Some of the very biggest YC successes have come in like this. Probably the majority of their best companies have. Even in cases where they had a referral it probably helped a lot to have a formalized application process. It forces companies to properly and fully pitch their idea.

Y Combinator’s formalized and meritocratic application process means the best companies rise to the top — not just the ones with the best referral, resume, or slickest elevator pitch.

Is it any wonder that Silicon Valley was so easily disrupted? A few good hackers took a close look at the problem and decided rightly to re-define it.

Opportunity for a new wave of Silicon Valley investors

Some smart VC is going to realize that one of the most important parts of YC is quite easily replicated and they’re going to make a killing doing it.

They’re going to put up a thorough application on the web like YC does, institute a rigorous process for evaluating them, and start treating that source of deals as their primary and best source of deal flow. They’ll start telling their referrals to “submit an application”.

And founders will hear about it. They’ll hear that there’s a VC who you can pitch without knowing his cousin’s friend who founded a company that failed 3 years ago. One who evaluates companies based on the fundamentals of the company and not whether other VCs are interested or not, or how slick you are.

It won’t be magic of course. The VC will still have to be smart enough to pick good companies and good at supporting them. They’ll have to offer competitive deal terms and have a great reputation.

Probably it will be some VC that’s new to the game. Someone with nothing to lose. Someone like what YC was like when they first started.

It’s the future

I think it’s inevitable that this will happen for all VCs. The world of handshakes and connections is great, but it creates an inefficient market. The ability to network and schmooze is not a requisite skill to building a great company. Certainly not in the early stages where it’s purely a game of finding product/market fit. Users don’t care who you know, where you went to school, or that you have Ron Conway on speed dial.

A lot of VCs are trying to use YC like a filter. The problem is that a lot of VCs are using YC as a filter. That means the top deals in every YC class are highly competitive. That’s why you’re hearing about inflated YC valuations.

There’s nothing inherently wrong with using YC like that, but if everyone is doing it you’re not going to have much of an advantage unless you’re offering overly-generous deal terms or one of a very few top firms.

Just like no technology company should outsource their technology no VC should be outsource their deal flow.

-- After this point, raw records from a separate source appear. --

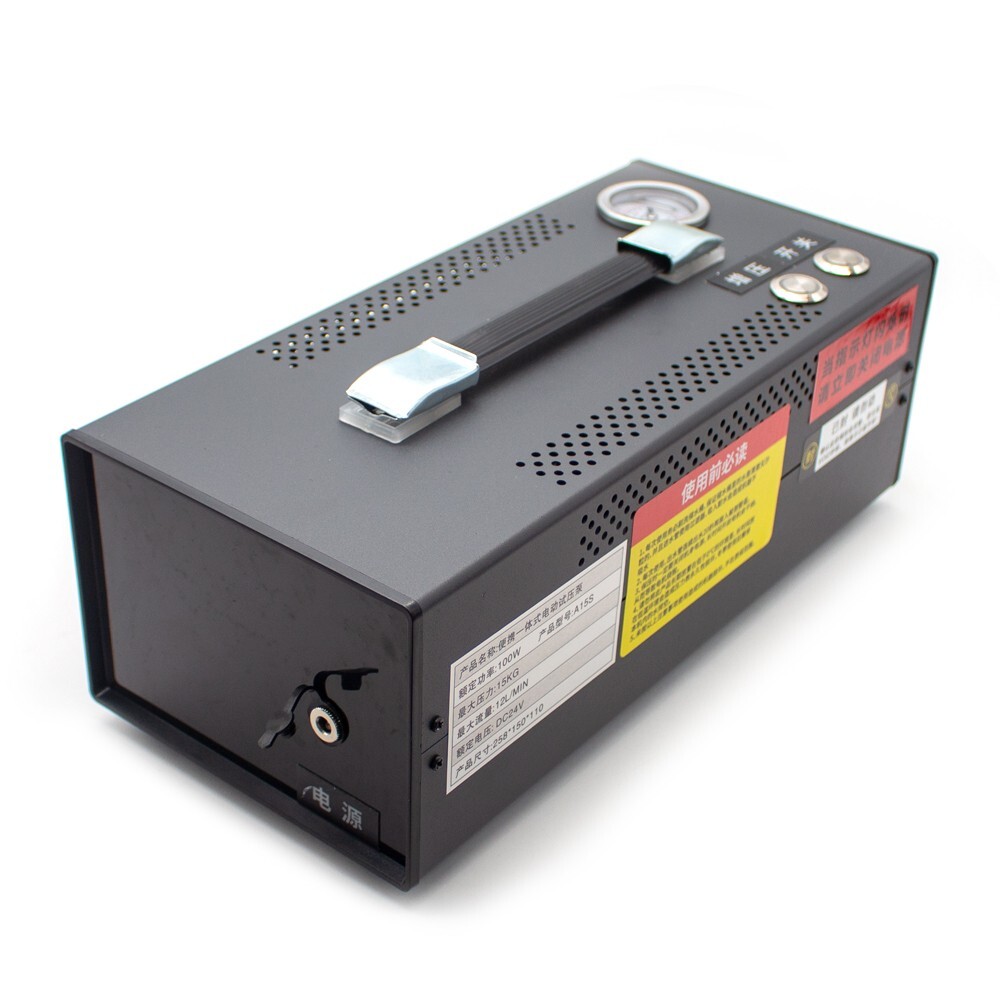 A13S 100W Electric Pressure Test Pump PPR PVC Pipe Leak Detection Machine 8L/MIN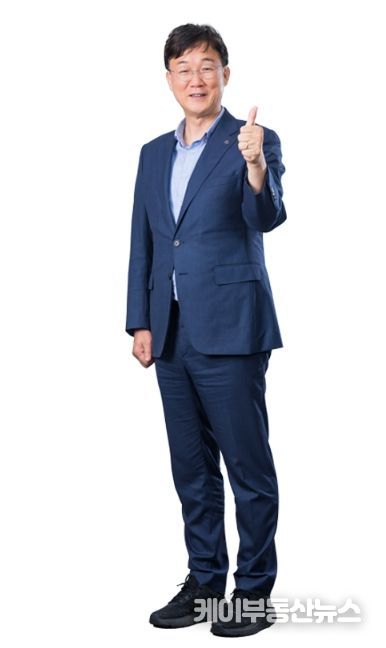 이민근 안산시장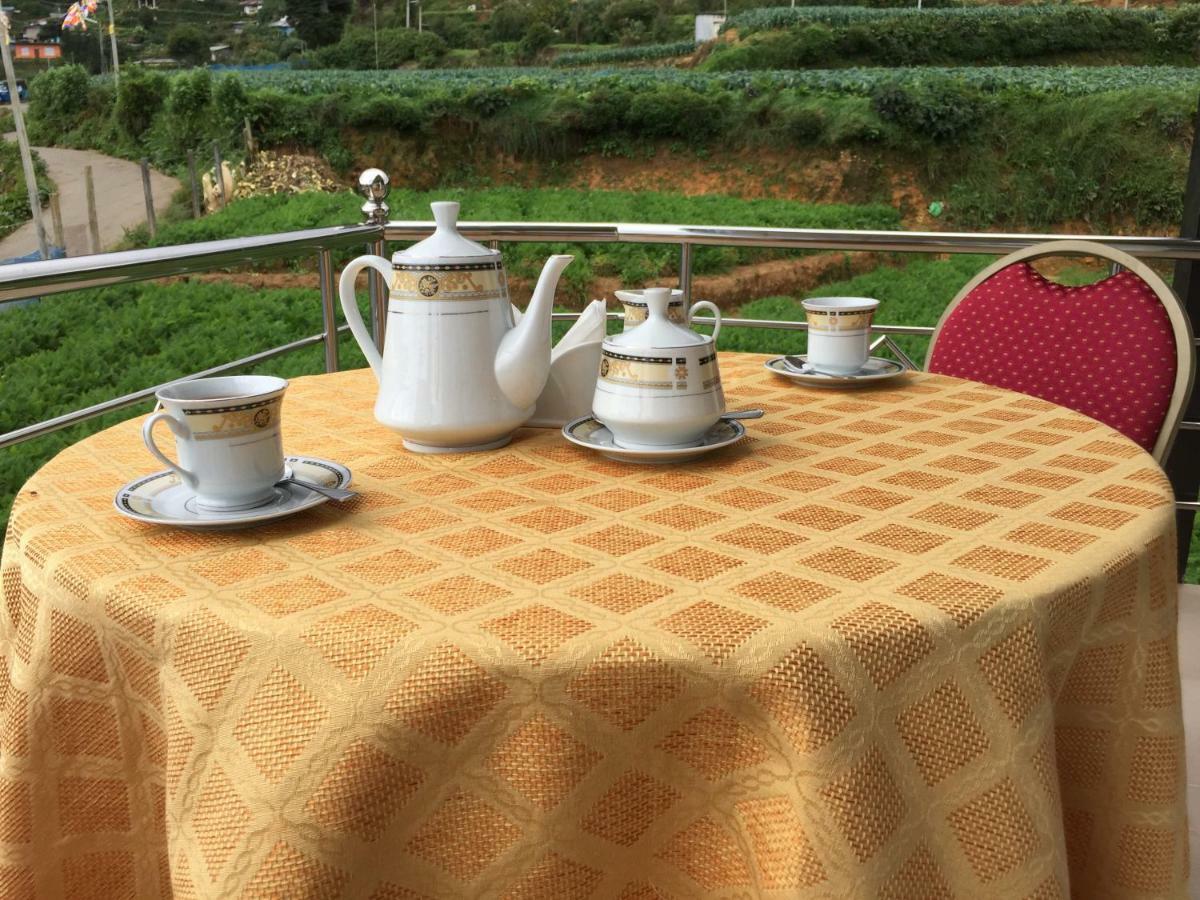 Marigold Home Nuwara Eliya Exterior foto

Finding the best deals is the core of their entire business.

I predict that either all VCs will learn to accept and evaluate applications for funding over the transom or a select few will and they’ll outperform all but the very best schmooze-only VCs.

AngelList is already forcing their hand, and that levels the playing field even more for the best companies, but it’s more of a formalization of the “social proof”-based investing that VCs are currently relying on.